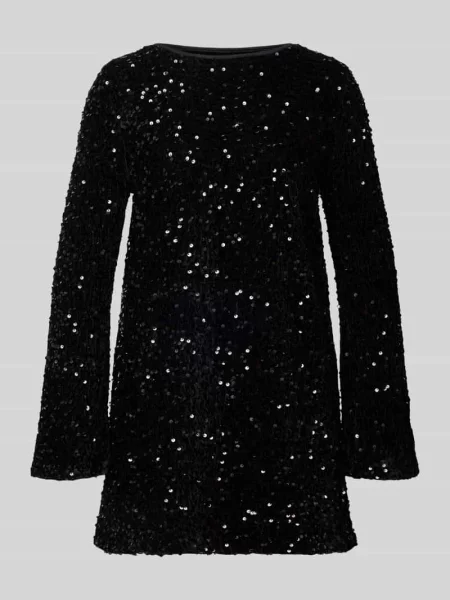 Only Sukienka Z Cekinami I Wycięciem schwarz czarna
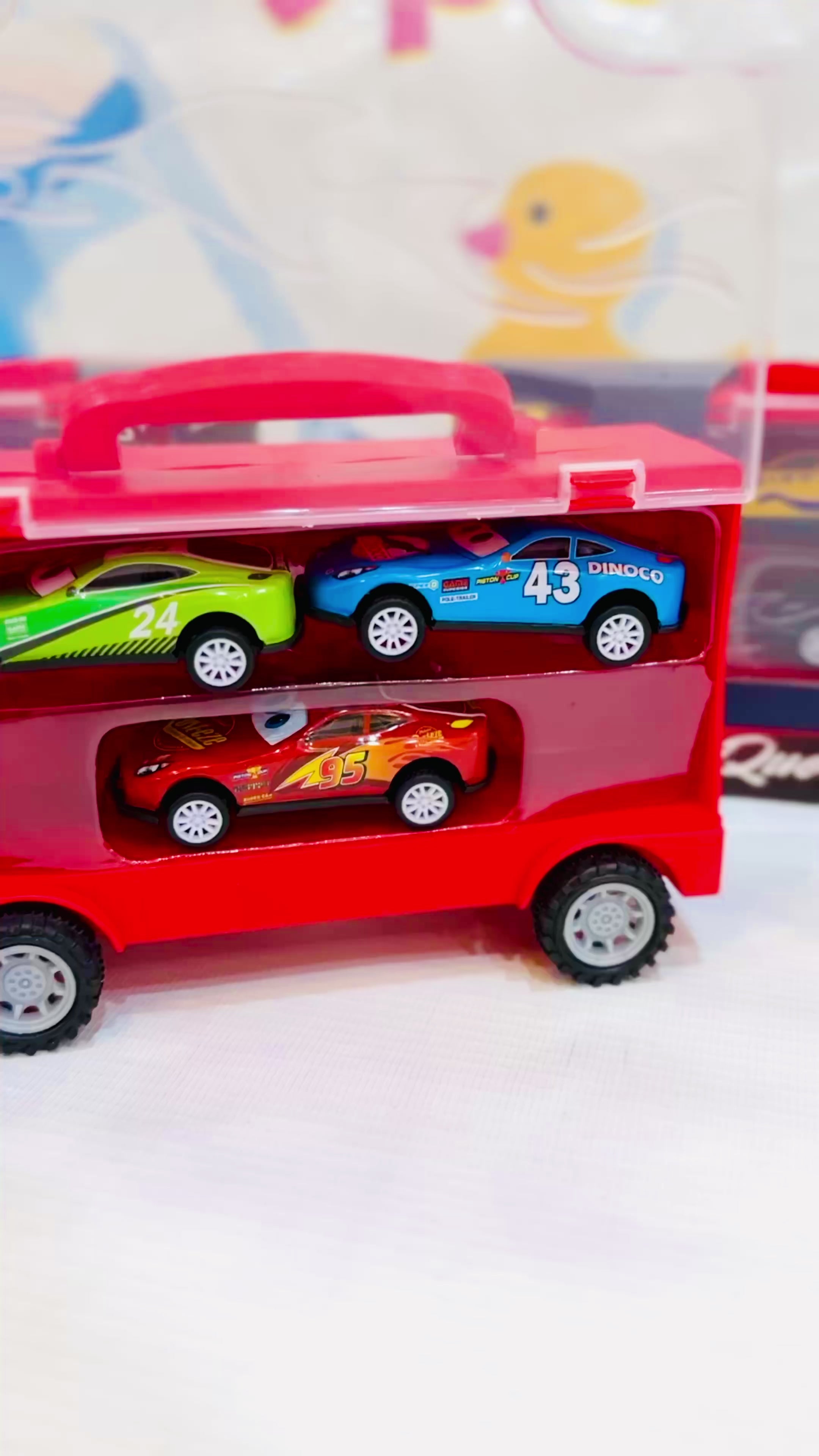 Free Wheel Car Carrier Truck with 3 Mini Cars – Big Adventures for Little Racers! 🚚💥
────────────────────
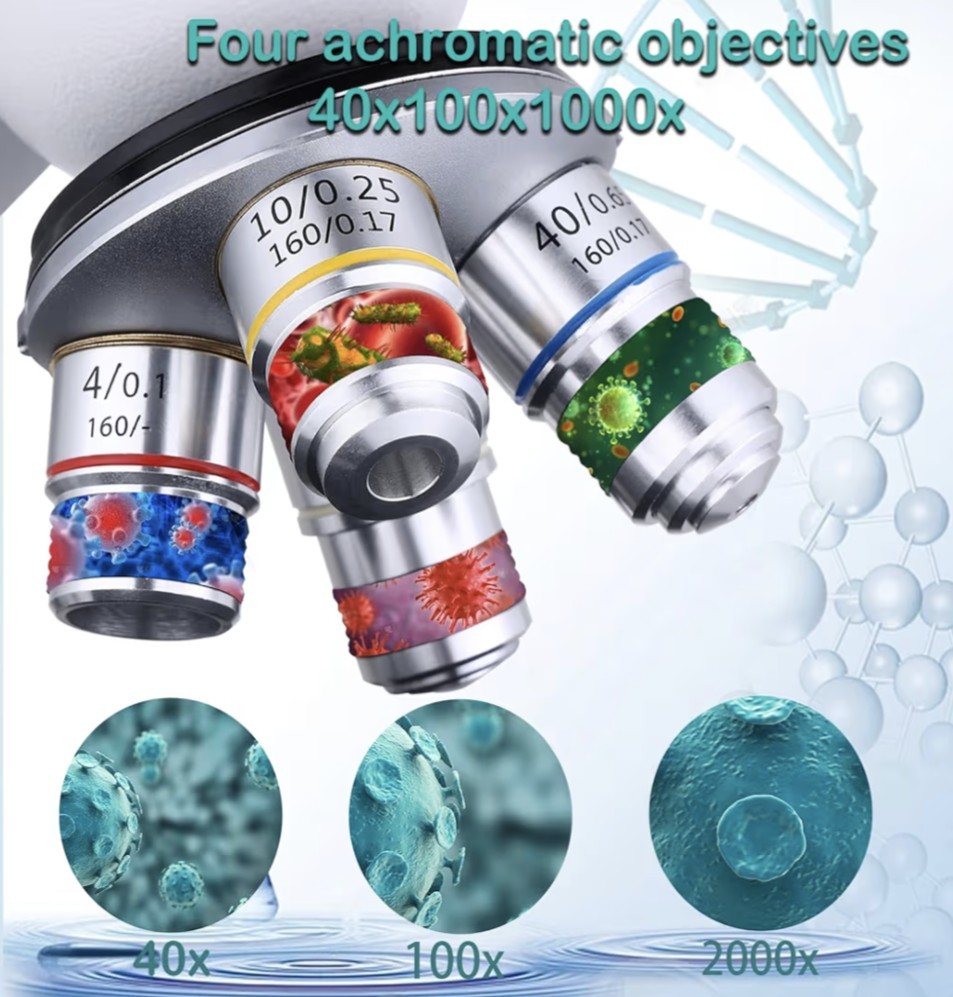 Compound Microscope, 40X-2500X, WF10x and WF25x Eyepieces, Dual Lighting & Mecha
────────────────────
| ABOUT THIS EXERCISE |
Above are records; repeat only the lines from the line with "Only Sukienka Z" through the line with "Free Wheel Car", and leave pictures out.

| RESULT OF THIS EXERCISE |
 Only Sukienka Z Cekinami I Wycięciem schwarz czarna
 Free Wheel Car Carrier Truck with 3 Mini Cars – Big Adventures for Little Racers! 🚚💥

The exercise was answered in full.